Someone tried to spy on South Korea's World Cup preparations. Mexican military caught them — or at least caught the drone.

Specialised military equipment detected an unauthorised aircraft operating near South Korea's training facility in Guadalajara ahead of Thursday's Group A fixture against Mexico. The drone was intercepted and "neutralised" before the Koreans began their tactical work. Authorities haven't said who was flying it or what they were after, but the timing wasn't subtle — this was the session before one of the tournament's more intriguing Group A matchups.

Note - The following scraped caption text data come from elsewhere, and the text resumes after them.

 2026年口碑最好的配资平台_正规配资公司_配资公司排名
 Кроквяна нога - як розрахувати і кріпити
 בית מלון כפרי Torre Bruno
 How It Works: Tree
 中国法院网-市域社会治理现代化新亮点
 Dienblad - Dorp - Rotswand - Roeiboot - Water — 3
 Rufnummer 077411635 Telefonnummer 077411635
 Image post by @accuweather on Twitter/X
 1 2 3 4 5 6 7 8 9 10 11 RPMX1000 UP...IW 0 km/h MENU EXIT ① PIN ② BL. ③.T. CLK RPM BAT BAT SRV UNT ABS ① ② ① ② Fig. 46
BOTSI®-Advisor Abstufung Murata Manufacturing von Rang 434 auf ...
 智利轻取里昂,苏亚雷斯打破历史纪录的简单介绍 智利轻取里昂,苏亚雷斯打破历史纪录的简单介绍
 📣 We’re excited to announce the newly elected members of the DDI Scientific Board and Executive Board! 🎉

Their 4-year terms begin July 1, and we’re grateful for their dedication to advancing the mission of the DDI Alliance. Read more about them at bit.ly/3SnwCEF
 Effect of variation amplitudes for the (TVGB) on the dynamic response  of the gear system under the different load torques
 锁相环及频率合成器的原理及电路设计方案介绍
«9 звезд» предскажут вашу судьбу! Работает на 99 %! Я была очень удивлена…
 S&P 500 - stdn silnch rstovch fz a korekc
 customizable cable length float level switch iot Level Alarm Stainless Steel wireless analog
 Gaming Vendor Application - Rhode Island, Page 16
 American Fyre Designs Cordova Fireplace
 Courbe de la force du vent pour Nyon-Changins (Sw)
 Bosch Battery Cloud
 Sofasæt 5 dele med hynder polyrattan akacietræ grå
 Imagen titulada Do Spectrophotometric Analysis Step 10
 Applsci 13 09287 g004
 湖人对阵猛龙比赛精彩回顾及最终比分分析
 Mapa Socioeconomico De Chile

South Korea coach Hong Myung-bo was diplomatic about it, but didn't hide his frustration. "While we were preparing for the match, that was the most important timing, so what happened was unfortunate," he said through a translator. He noted it was intercepted just before tactical drills began, so the damage — if any — was limited. But he clearly wasn't thrilled.

This isn't an isolated incident

Mexican security forces have dealt with multiple drone incursions in recent days across Mexico City, Guadalajara, and Monterrey — near stadiums, fan zones, and team hotels. Mexico's Plan Kukulkan security operation, launched in March, has around 100,000 personnel in the field. Canada has also imposed temporary no-fly restrictions over World Cup venues and training sites in Vancouver and Toronto through July 7.

The backdrop here matters. Less than two years ago, Canada's women's team was caught using a drone to spy on New Zealand's training session at the Paris Olympics. That scandal cost head coach Bev Priestman her job, suspended two staff members, and saw the team docked six points mid-competition. The sport's governing bodies are still living with that fallout — which makes every unexplained drone near a training camp now carry a different weight.

No arrests have been reported. No operator identified. Whether this was competitive intelligence-gathering or just an opportunistic tourist with bad judgment, nobody's saying.

Both teams arrive in decent form — Mexico opened with a win over South Africa, South Korea beat Czechia — which makes the group tight and this fixture genuinely consequential. Any edge matters at this stage. Someone clearly thought so too.